In fact, I would also say our total operating expense is 70% of that would be most -- would be rental and staff costs. So for rental and staff costs, maybe around -- maybe at least 70% of that will be fixed. So for the variable part, it would be fluctuated in accordance with the fluctuation of the revenue. So basically, we are very cost-conscious company. So basically, we -- apart from this -- actually, for the fixed-cost parts, we don't have much too room to squeeze that. Of course, we would look at that, but you won't see too much room to squeeze that. And then I guess, for the licensing business, because it's kind of often increasing -- growing trend and it's growing quite well, especially we've got quite good targets of net-net additions each year for licensed shops, so basically, I think the growth of the licensing business and the wholesaling business would help -- would be helped -- very helpful in offsetting or reducing the negative impact because of the drop in the retail sales.
Right. Do you mind also share with me the latest plans for wholesale and licensing growth into the first 2 weeks of July, please?
Oh, we don't actually announce that kind of figures. But then we mentioned about the license -- the performance -- the licensed shops. So it would be helpful in indicating or help us to get a [ bit about ] the of performance the wholesale and Licensing business. So basically, for the first quarter, we've opened 37 licensed shops net-net in Mainland China. So that would be helpful for the Licensing business and the wholesale revenue for the growth of those 2 business.
And then the other parts for the existing licensed shops, we have to look at these same-store sales growth figures for the licensed shops in Mainland China. So basically, for the first 2 weeks of July, we got kind of a double-digit drop for licensed shop as well, but then when you look at just the gem-set jewelry, it's kind of a low single-digit drop only.
Right.

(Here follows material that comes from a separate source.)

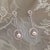 Akoya Pearl Earrings 14 Karat White Gold Certified For Sale - Image 4 of 16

And lastly on e-commerce sales, could you give us an account as to performance in recent months, in the first quarter?
Well, target is to grow by 20% compared to last year and then in the first quarter, actually exceeded that by a certain amount. So we're on track. Yes.
Your next question is from [ Hugo ] from Macquarie.
Kathy, I just want to follow up to check if you're going to maintain the full year gross target? Last time, you mentioned it's flattish growth for both HK and China.
The growth target, you mean...
Yes, for the full year.
For the -- the growth target is -- we'll talk about the -- at shop -- the shops, the net-net additions. We have a full year target of -- actually 150 net-net, but then about -- around 120 will be coming from the Luk Fook -- existing Luk Fook shops and around 30 will be coming from new brands. So basically, we haven't changed any plan for that. We will still stick to that. And then we actually expect that to -- expect that our real figure -- actual figure will be better than that. That's our minimum.
And then for the same-store sales growth, actually, we talk about having a very high base in the first half and a low base in the second half. That's why we expect for the first half, we make kind of a drop, and second half, we should have somewhat -- some kind of growth. That's why for the full year, we are talking about maybe -- altogether, maybe kind of a flattish growth. And we still want to maintain kind of a profitability in FY 2019.
There are currently no more questions in queue. [Operator Instructions] There are currently no more questions in queue. I'd like to hand the call over back to Stephanie. Please continue.
Thank you, moderator, and thank you to our speakers. At the moment, we don't have any questions. And thank you, everyone, for joining the call and have a nice evening.
Thank you. Buh-bye.
Thanks, bye.
Thank you. Ladies and gentlemen, that does conclude our conference for today. Thank you all for your participation. You may all now disconnect.